Fanview is celebrating another highly-successful deployment for our esports data integration solution, this time supporting PUBG in delivering their North American 2020 Esports initiative as part of the PUBG Continental Series (PCS).

Being able to extract and crunch data from within PUBG (Playerunknown's Battlegrounds) has brought tournament play to life for PCS audiences during 2020, enabling real-time updates in the world of Battle Royale, where multiple individual moments of action can occur simultaneously across the game's map.

We were able to build on our experience in this space, having previously worked on the PUBG Global Invitational in 2018, as well as the NPC (National PUBG League) and NGC (PUBG Global Championship) in 2019. Fanview was enlisted to provide all data services, including retrieving, processing and distributing the live and post-match data from the game through a Rest API to a number of production and digital stakeholders for use in real time for on-screen broadcast graphics, updating map feeds and website dashboards.

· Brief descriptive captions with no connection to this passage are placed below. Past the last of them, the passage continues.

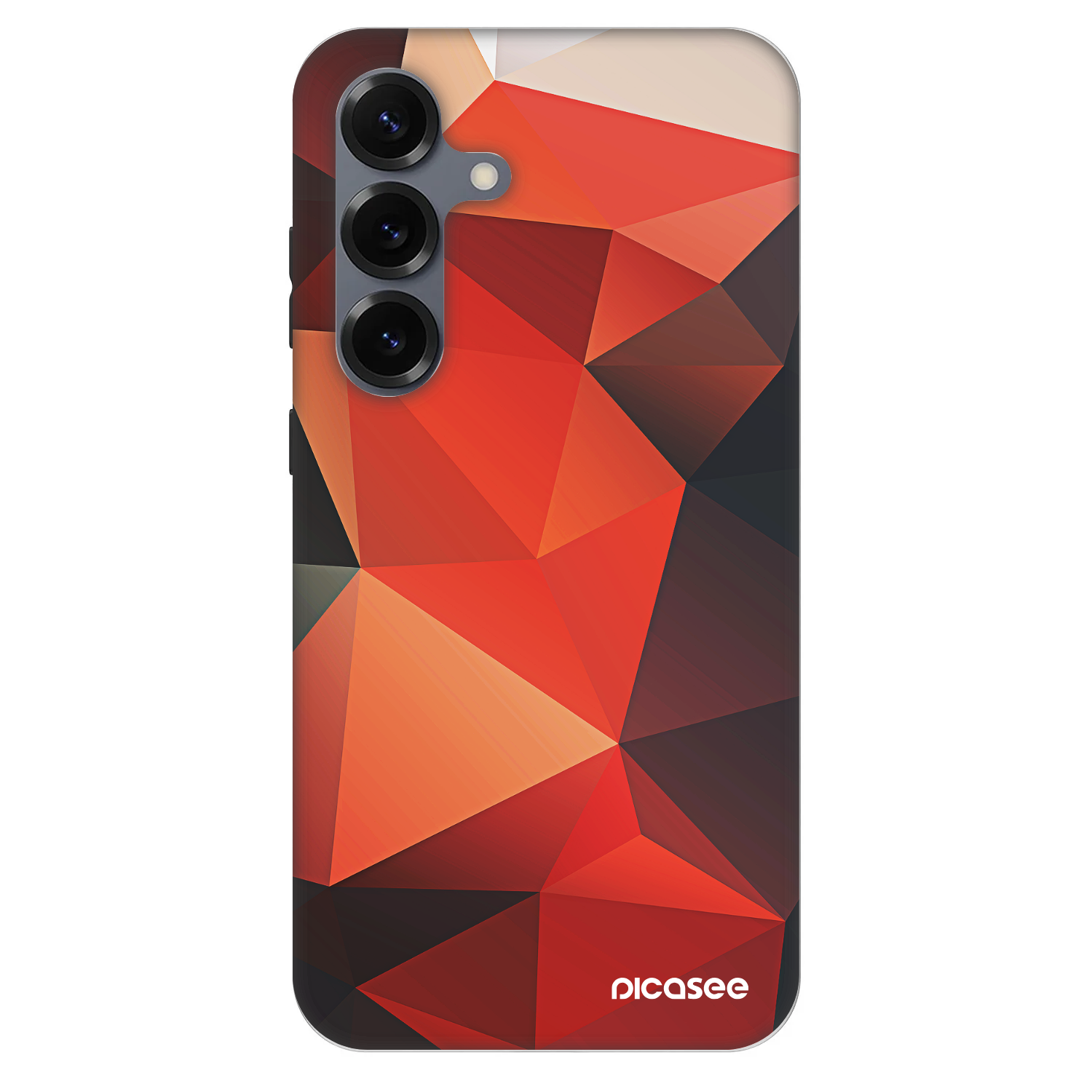 Picasee Fashion Case PowerShare pro Samsung Galaxy S25 5G - Wallpaper 2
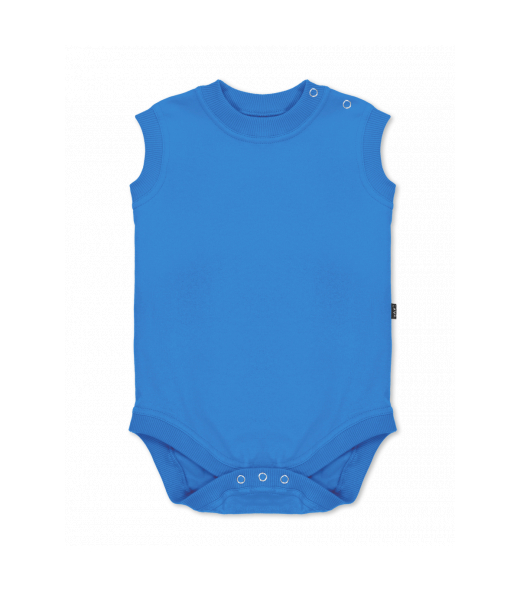 BABY BODY SLEEVELESS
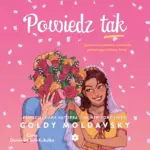 Powiedz Tak — okładka audiobooka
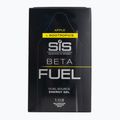 Set Energiegels Science in Sport Beta Fuel Energy + Nootropics 6 x 60 ml apple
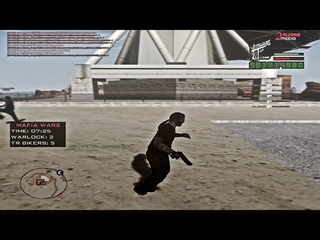 six mafia gta in desc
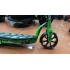 Monopattino Elettrico Verde 100 Watt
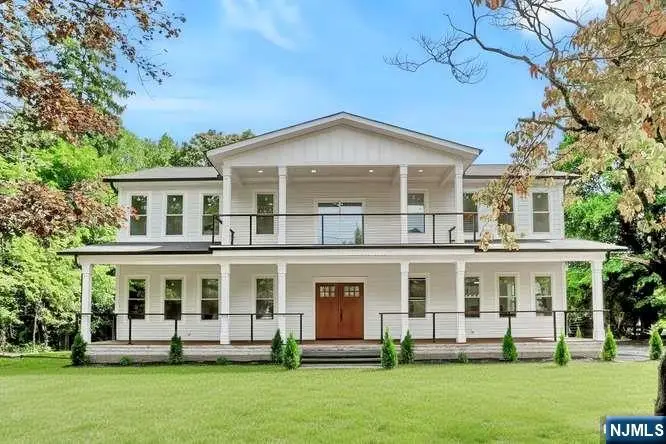 276 Werimus Road, Woodcliff Lake, NJ 07677 - #1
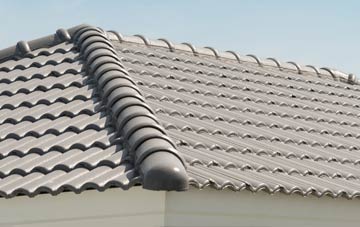 advantages of Carlingcott clay roofing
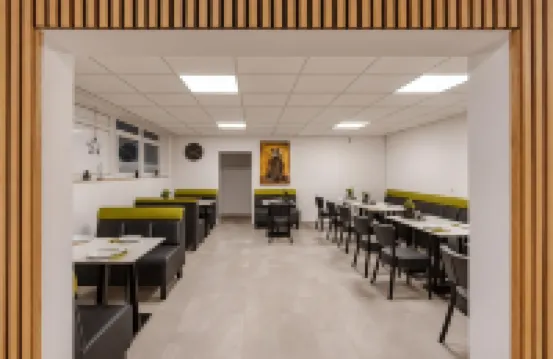 Sonnenschein Apartments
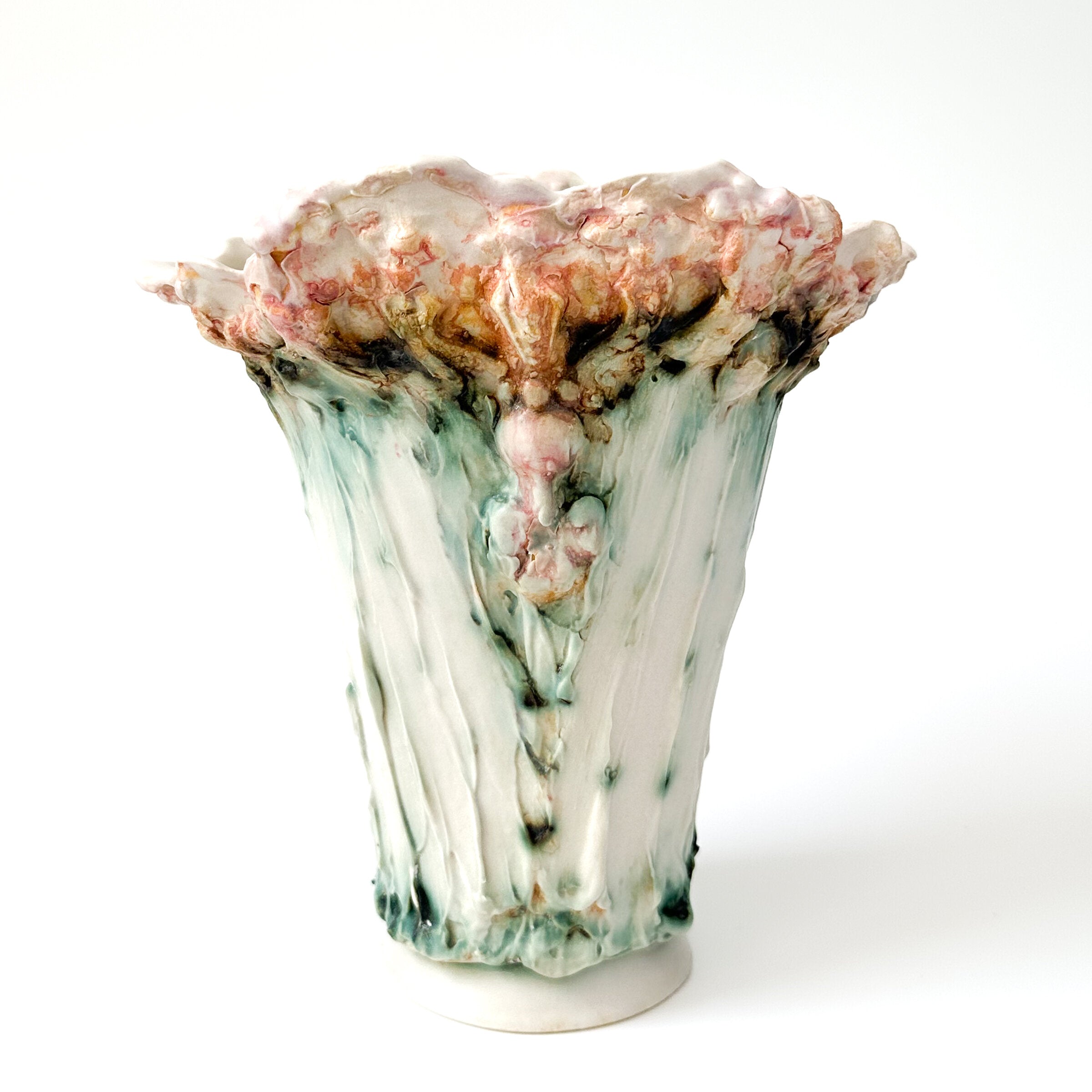 Romantic Vase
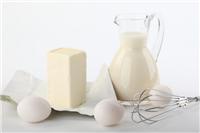 加工销售各类乳制品绿色健康食品4
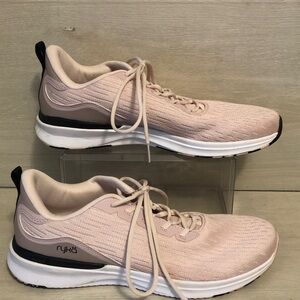 Ryka Myriad Pink Sneakers Women’s Shoes 10M Update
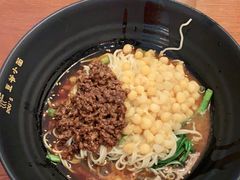 豌杂面-豆爺小面(朱雀店)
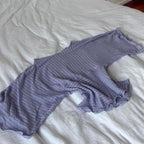 Osaka Top - Lilac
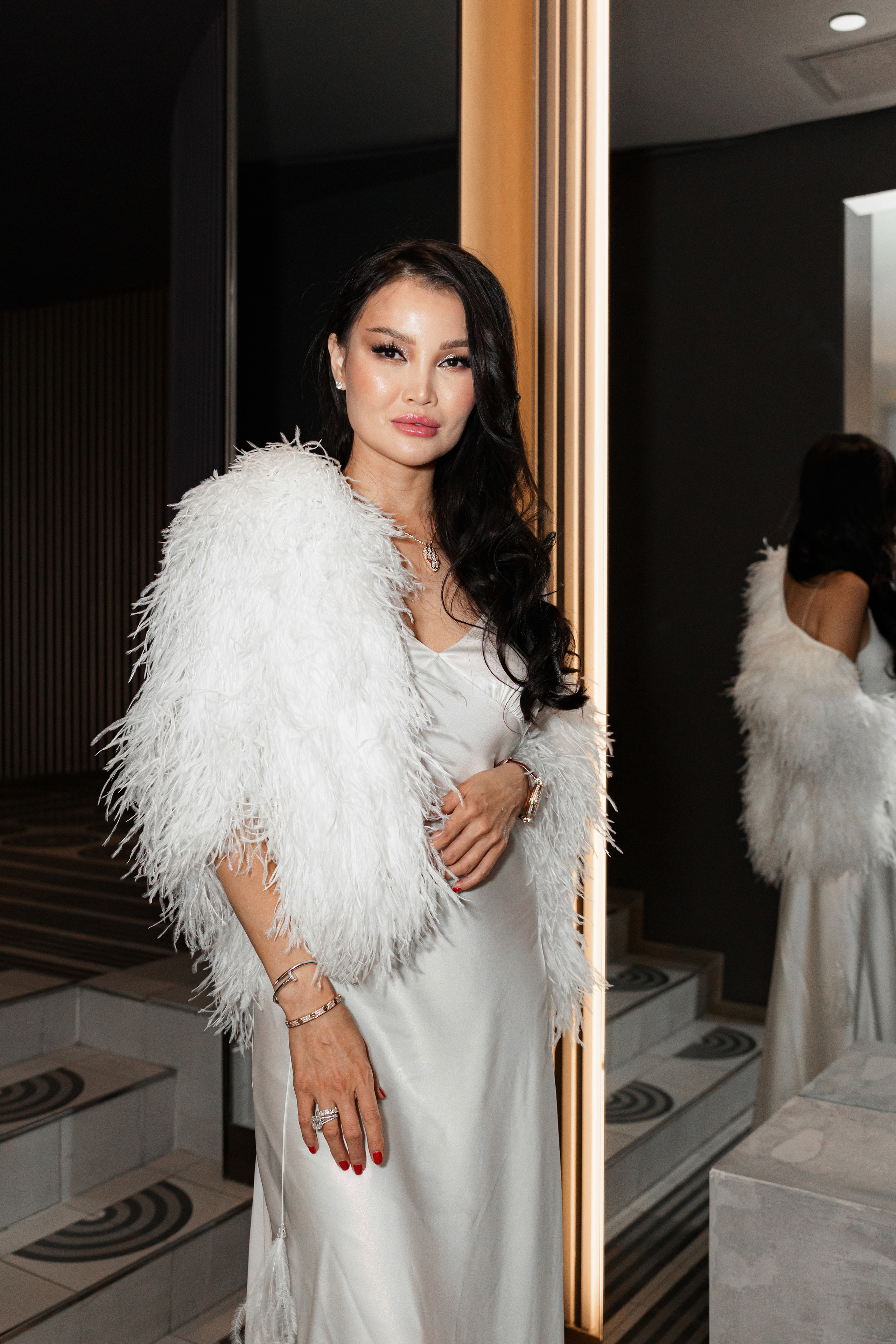 День рождения в THE TOY Club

In contrast to previous events, PUBG wanted to create a multi-regional, multi-competition data platform that could not only serve its flagship broadcasts, but also provide services, tools and support to its flourishing community broadcasts and the regional approach to PCS.

The main platform consists primarily of a Rest API that processes and distributes data for a variety of applications. On top of the API sits a monitoring and viewing tool for the production team to aid editorial staff with editorial storytelling and decision-making.

Finally, in order to give as much control as possible to PUBG and their staff, the solution is supported by a number of automation and administration tools that support the full life cycle of a PUBG esports event.

The new series kicked off with a charity event, called the PCS Charity Showdown, in May 2020. With a prize pool of $200,000, half of which was donated to charity, the event attracted the biggest teams in the four different regions.

After the successful conclusion of the Charity Showdown, the first of three series, PCS1, kicked off in May, and was swiftly followed by PCS2 and finally PCS3, which concluded in November.

Given the global pandemic, the PCS tournament had to make significant adjustments to the previous years. Purely online play, as opposed to the usual offline play, as well as remote production were employed to host and successfully deliver the tournaments to various video platforms, including Twitch.